Le cinéma offre sa part de femmes-potiches, de femmes-trophées, de femmes nuisibles. De Chaplin à Scorcese en passant par Tarantino, et je ne cite que des grands noms. Que dire de la place des femmes dans le cinéma de genre, les films d'action, les films d'horreur ? Que dire de la pornographie ? A partir de quelle ignominie réduite au rang de fait divers décide-t-on de se pencher sur nos nombrils pour avouer que, oui, j'ai été inconvenant, je me suis caché derrière la force du groupe, j'ai maté des seins, touché la fesse d'une copine qui n'en demandait pas tant, négocié un acte sexuel parce que je sentais que c'était possible, qu'elle allait céder, que je suis un mec et qu'elle a dit oui, au fond, alors où est le problème ?
Le problème, il est dans mon miroir quand je me vois dedans. Je ne sais pas exactement ce que j'ai à confesser. Je trouve que parler de ce que j'ai pu dire ou faire reste difficile et les actes que j'ai cités ci-dessus ne sont pas du vécu, ils ne sont que l'expression généralement admise par les hommes lorsqu'ils veulent bien admettre qu'il leur arrive de déconner mais ça vaaaaa, c'est pas non pluuuuus... Vous voyez ce que je veux dire ? Facile de dire, ok, une fois j'ai fait du chantage à ma copine pour qu'elle me prodigue des soins particuliers, mais qui osera admettre un jour qu'il a violé sa compagne ? Qui dira oui, ok, j'ai mis des mains au cul et je me disais que c'était rigolo parce que personne ne m'a jamais puni pour ça et parce que les filles qui subissaient mes doigts velus souriaient, rigolaient, à mon avis ça les amusait bien, je dirais...
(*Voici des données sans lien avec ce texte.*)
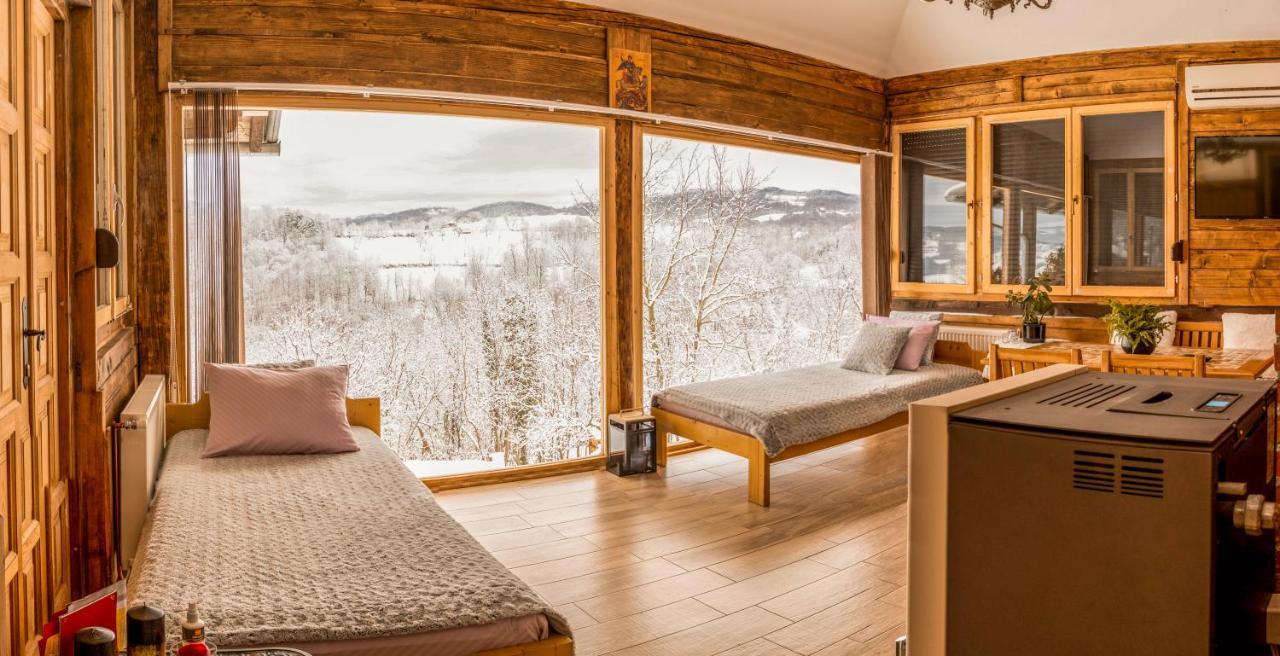 Apartmani Lunija Gornji Milanovac Exteriör bild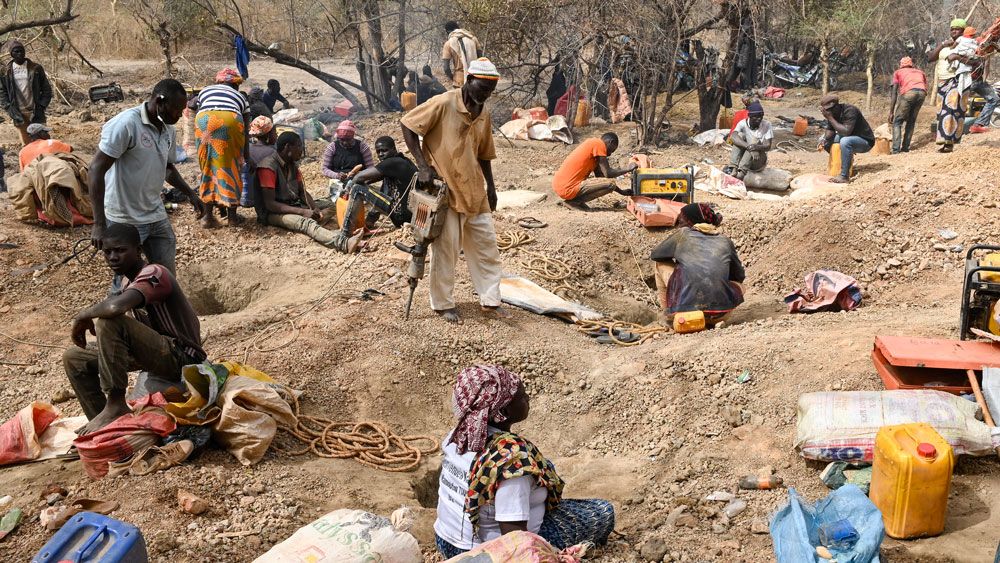 Menschen aus Mali schürfen mit der Hand nach Gold. Foto: Jörg Böthling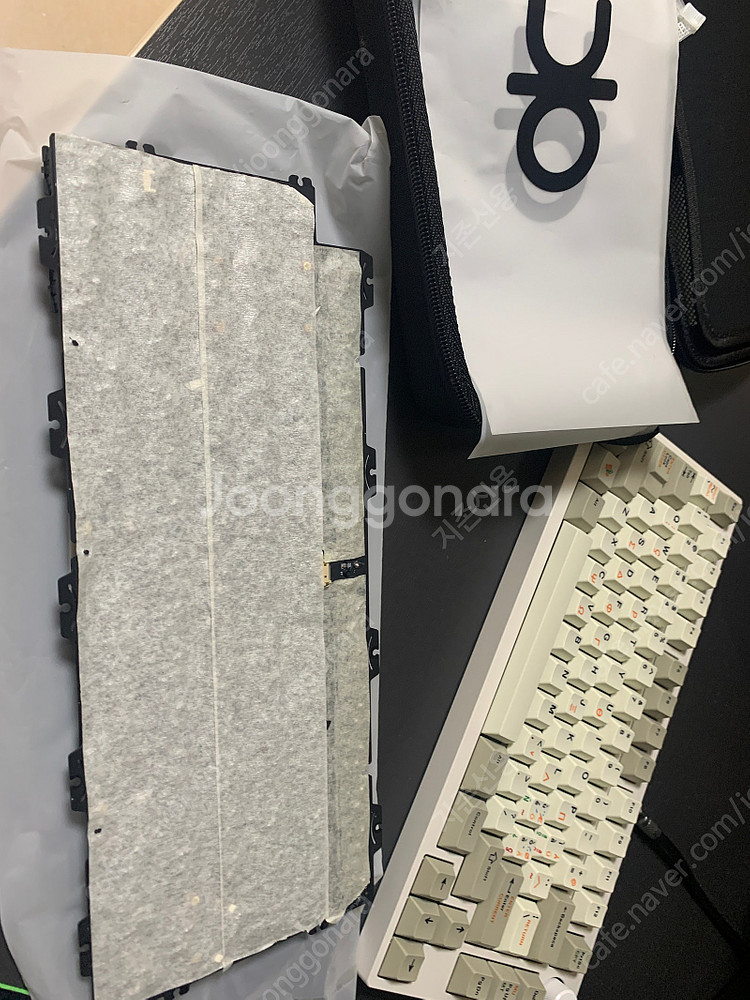 qk75 아이스화이트 + 추가기판 판매해요--8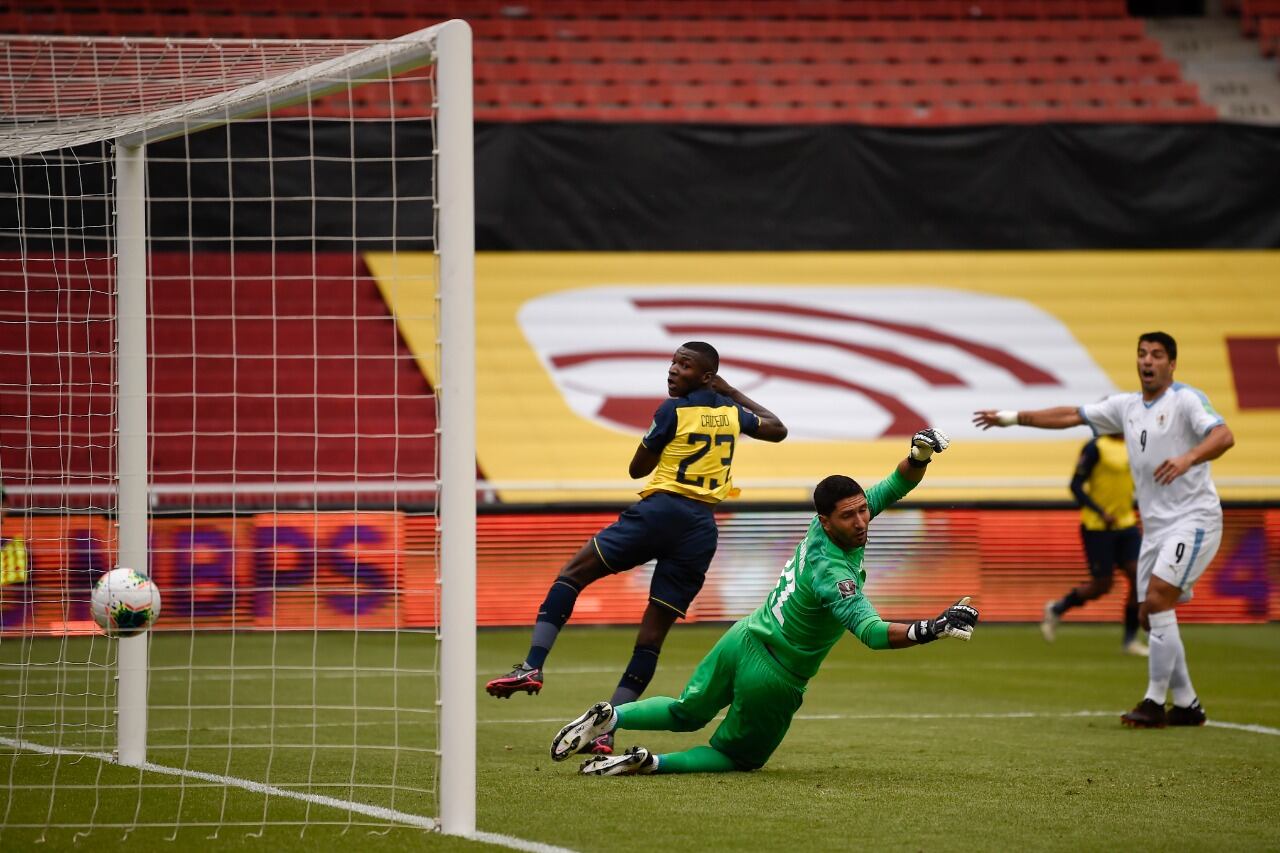 La estirada de Campaña no puede evitar la caída de su valla. Ganó Ecuador.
(C'est oublier la sidération, le rire-écran, la crainte que ça aille beaucoup plus loin, la force du nombre, parce que ça vaaaaaa, on rigole)
C'est quoi, au fond, être un homme, un vrai ? Se faire pousser des muscles, savoir se battre, avoir le dernier mot ? Commenter le monde sur un ton cynique en poussant l'air de celui qui sait mieux que tout le monde, expliquer aux femmes ce qu'elles ne comprennent pas, pouvrettes, têtes de linotte, « ravissantes petites connes », pour reprendre un ver de Gainsbourg ?
Merde.
Etre un homme, un vrai, c'est être une femme ou tâcher de l'être dans ce monde régi par des monstres qui se disent ordinaires ou par des êtres ordinaires qui se comportent en monstres : prendre son courage à deux mains, dire non, se comprendre par rapport à soi et par rapport aux autres, et surtout admettre ses fautes, ses erreurs, ses bassesses. Prendre ses responsabilités et arrêter d'être con.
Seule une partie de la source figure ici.